Last year, “Marine Gas Oil (MGO) leakages are estimated to have cost the nation GHȻ18million in lost tax revenue, while export dumping cost over GHȻ850million,” the Chief Executive Officer (CEO) of the National Petroleum Authority (NPA), Mr. Alhassan Tampuli has revealed.

According to him, the petroleum industry have had corrupt and dishonest service providers who cheated the system with the dumping of export declared products and MGO Foreign declared products to be sold to foreign vessels for economic gain and tax avoidance.

Speaking at this year’s Downstream Colloquium organised by the NPA, Mr Tampuli said, the NPA in partnership with the Ministries of Energy and Finance have employed rigid measures to help reduce the leakages.

The measures, he revealed included the application of domestic taxes on MGO sold to foreign vessels and a collaboration with sub-regional neighbours to help account for products declared as exports to their countries.

“All these measures are aimed at removing the economic incentive to cheat the system and are seen to be yielding some results.

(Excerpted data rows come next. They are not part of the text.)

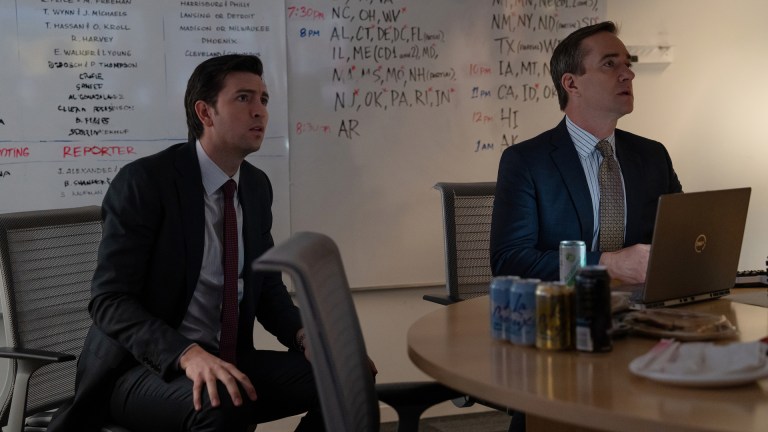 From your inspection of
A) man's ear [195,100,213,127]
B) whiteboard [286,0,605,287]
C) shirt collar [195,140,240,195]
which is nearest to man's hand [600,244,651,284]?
shirt collar [195,140,240,195]

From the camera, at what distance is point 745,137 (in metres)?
4.53

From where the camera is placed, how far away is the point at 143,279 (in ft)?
7.63

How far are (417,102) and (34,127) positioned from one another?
154cm

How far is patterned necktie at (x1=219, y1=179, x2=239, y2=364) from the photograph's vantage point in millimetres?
2436

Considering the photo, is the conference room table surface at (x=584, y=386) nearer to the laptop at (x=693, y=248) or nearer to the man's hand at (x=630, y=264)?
the laptop at (x=693, y=248)

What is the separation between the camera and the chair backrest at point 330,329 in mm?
1394

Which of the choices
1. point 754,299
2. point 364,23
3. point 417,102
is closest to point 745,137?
point 417,102

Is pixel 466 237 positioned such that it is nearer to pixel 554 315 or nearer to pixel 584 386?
pixel 554 315

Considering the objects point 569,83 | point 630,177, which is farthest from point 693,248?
point 569,83

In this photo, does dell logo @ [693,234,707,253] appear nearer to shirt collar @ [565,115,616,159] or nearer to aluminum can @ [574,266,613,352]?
aluminum can @ [574,266,613,352]

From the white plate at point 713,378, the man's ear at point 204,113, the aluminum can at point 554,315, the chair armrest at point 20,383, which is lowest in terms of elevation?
the chair armrest at point 20,383

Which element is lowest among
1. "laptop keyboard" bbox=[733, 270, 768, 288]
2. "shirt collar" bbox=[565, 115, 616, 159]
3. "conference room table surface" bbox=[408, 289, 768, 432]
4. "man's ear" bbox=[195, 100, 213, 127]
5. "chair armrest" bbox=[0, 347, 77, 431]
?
"chair armrest" bbox=[0, 347, 77, 431]

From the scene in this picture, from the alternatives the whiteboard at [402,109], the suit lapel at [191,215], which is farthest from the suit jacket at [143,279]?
the whiteboard at [402,109]

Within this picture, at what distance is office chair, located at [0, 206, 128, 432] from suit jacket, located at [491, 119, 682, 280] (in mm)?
1180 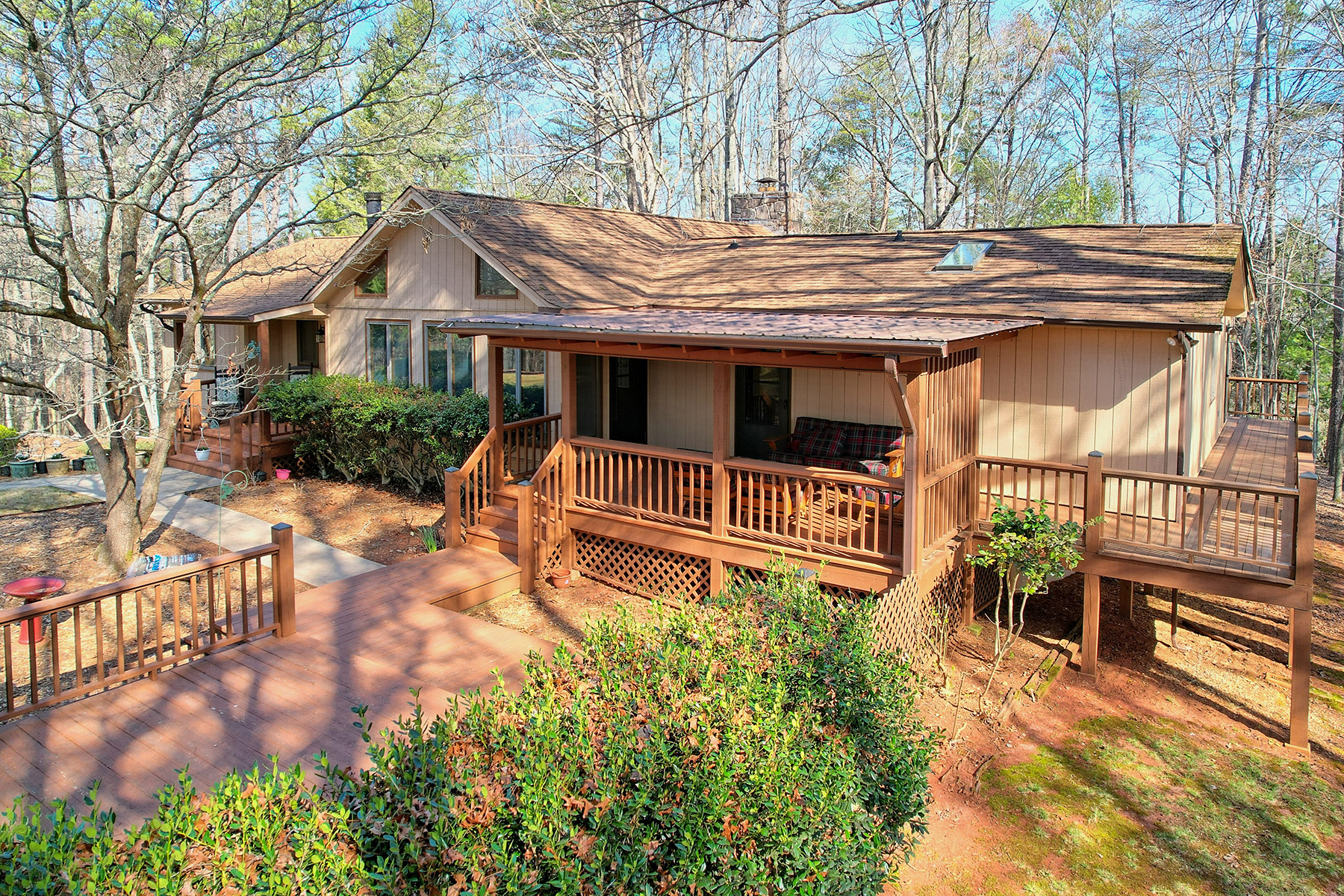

“MGO foreign for instance has reduced from 20million litres a month to 290,000 litres a month based on the Authority’s preliminary estimates,” Mr Tampuli said.

To ensure that the system is more efficient and less porous, the NPA would assist the Ghana Revenue Authority (GRA) to achieve the Special Petroleum Tax (SPT) revenue target of GHȻ 1.8 billion as wells Ministry of Finance’s Energy Sector Levies Act (ESLA) revenue target of GHS 3.7 billion.

“The NPA recognises the vibrant and dynamic nature of our industry and is committed to formulating and implementing innovative strategies and policies that will ensure that the industry remains efficient and profitable and at the same time ensuring that the good people of Ghana get the best value for money,” the NPA boss assured.

New Model for LPG Distribution

As part of plans to ensure Ghanaians get proper value for money, the government through the Ministry of Energy would fully roll out its Cylinder Recirculation model for distribution and marketing of LPG.

This is to ensure Ghanaians have access to safe, clean and environmentally friendly LPG for increased domestic, commercial and industry usage—from the current 25% level to 50%.